→ **Work instruction**
Starting at the line with "Car Tray & Desk", return every line through the final one of the data, word for word. Pictures stay out.

→ **Exercise data**
--------------------------------------------------

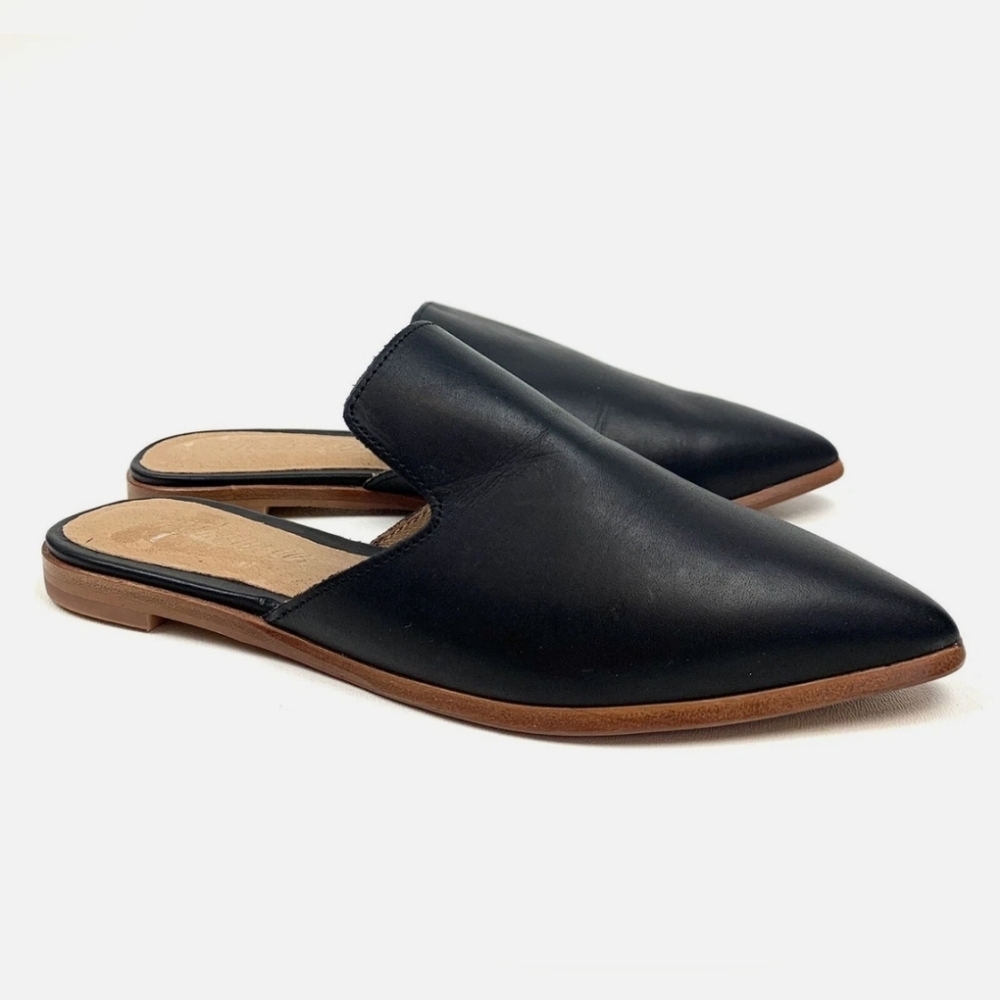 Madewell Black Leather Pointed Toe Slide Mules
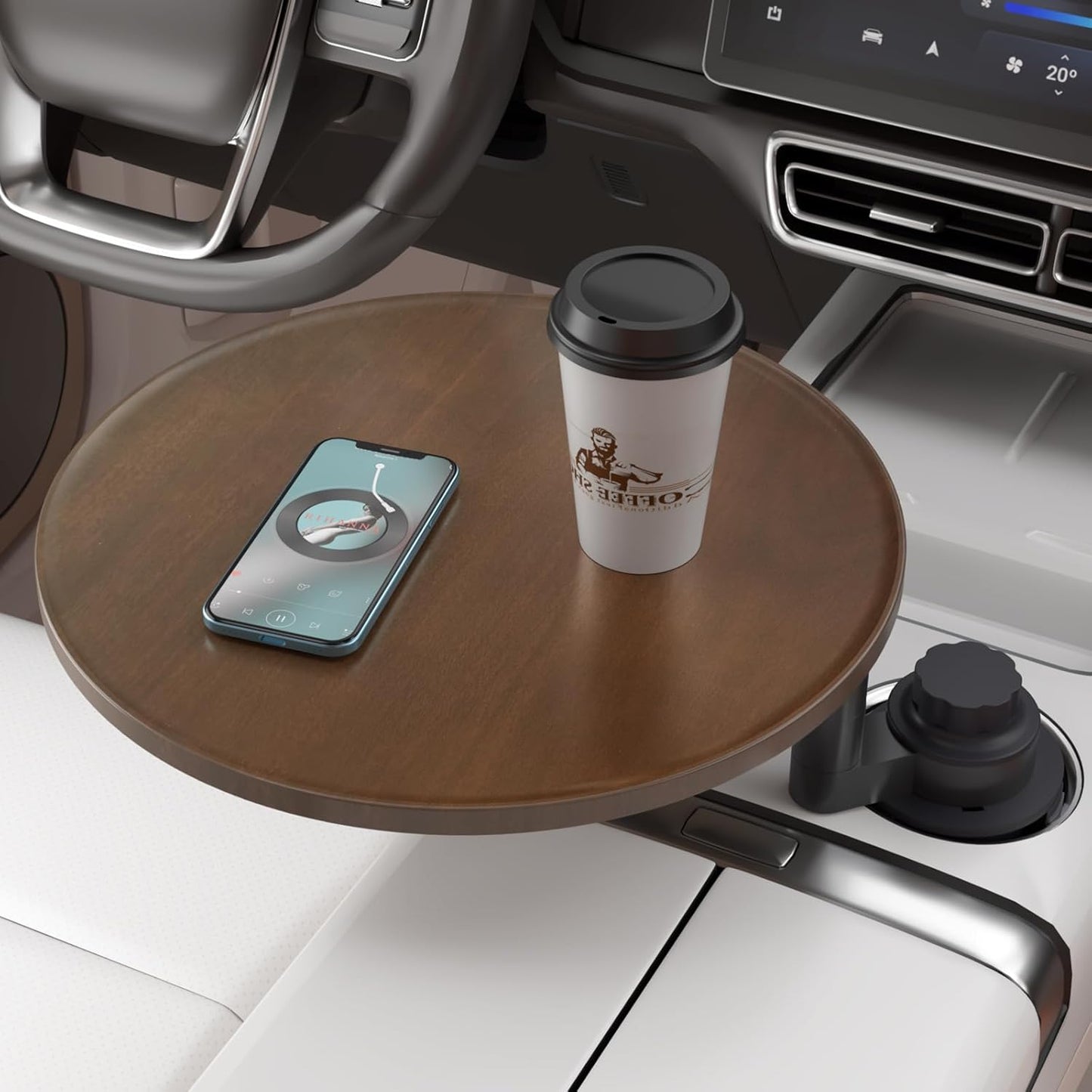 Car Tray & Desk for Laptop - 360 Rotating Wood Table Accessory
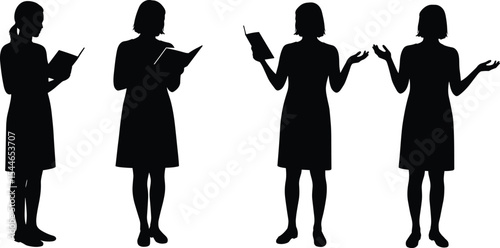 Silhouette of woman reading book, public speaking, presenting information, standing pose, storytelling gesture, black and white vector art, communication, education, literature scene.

--------------------------------------------------

→ **Task answer**
 Car Tray & Desk for Laptop - 360 Rotating Wood Table Accessory
 Silhouette of woman reading book, public speaking, presenting information, standing pose, storytelling gesture, black and white vector art, communication, education, literature scene.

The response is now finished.